NYTimes.com debuts a major initiative on Monday: TimesSelect, a paid-subscription service that grants access to selected premium Web content and services. This is a big deal, for the New York Times, and for the newspaper industry.

Now, up front let me say that I like the overall thrust of this initiative — but I’m skeptical of one major component, putting the paper’s immensely popular and well-read Op-Ed columnists behind the paid wall. After talking to some of the key players at the Times and some industry observers, though, I’m now a bit more willing to believe it might work. But I’m not yet quite ready to bet on that.

TimesSelect represents an existing concept in online news publishing that I call a hybrid model. Most of the NYTimes.com site will remain open for free to anyone willing to register; TimesSelect does not shut down the site to free access, and non-paying site visitors won’t notice that much difference from pre-Sept. 19 (just a few things are taken away).


What do you think about TimesSelect? Send for-publication e-mails to E&P’s Online Editor.

What TimesSelect does is introduce a suite of premium services that requires a $49.95 annual subscription ($39.95 if you sign up by the 18th) to access. Print subscribers get TimesSelect free as part of their regular service. To my mind, there are two things that will convince people to fork out the money: access to the Times article archive back to 1981 (offering a maximum of 100 articles per month), and access to the Op-Ed columnists.

Other premium offerings are nice, but not nice enough alone to get people to open up their wallets (in my view): columnists’ work from Sports, Business, New York/Region and the International Herald Tribune; personalized e-mail news alerts; a “virtual file drawer” to save articles; and early access to Sunday Times articles.
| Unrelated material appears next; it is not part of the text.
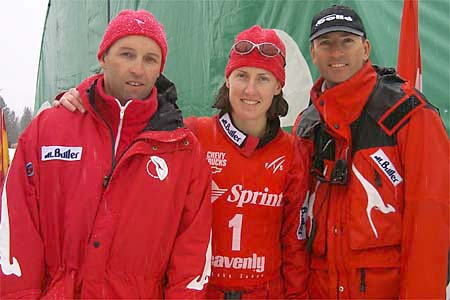 U.S. Freestyle Grand Nationals Photo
No Choice But To Go This Route

To hear New York Times executives talk about TimesSelect, this initiative is critical to the survival of Times journalism. Martin Nisenholtz, president of New York Times Digital, says the catalyst for the shift in strategy is to build a significant online revenue stream on top of advertising. For the Times to continue to be able to afford to do quality journalism in the future, a way must be found to make the digital operation more profitable — reflecting the inevitable move in the coming years away from print and toward online. As more readers — especially younger people — shift their reading habits to the Internet and move away from print, the digital side must bear more of the weight in paying the costs of the Times’ journalism.
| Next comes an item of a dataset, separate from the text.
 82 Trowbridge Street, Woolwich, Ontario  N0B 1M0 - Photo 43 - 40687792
Nisenholtz is convinced that TimesSelect has a good shot at achieving that goal (though not alone; he says other online program innovations are under development, mostly involving Web site advertising). He points out that NYTimes.com has offered a number of piecemeal premium services in the past, but in aggregate they only brought in a couple million dollars a year. The ambition is to have a much larger revenue stream.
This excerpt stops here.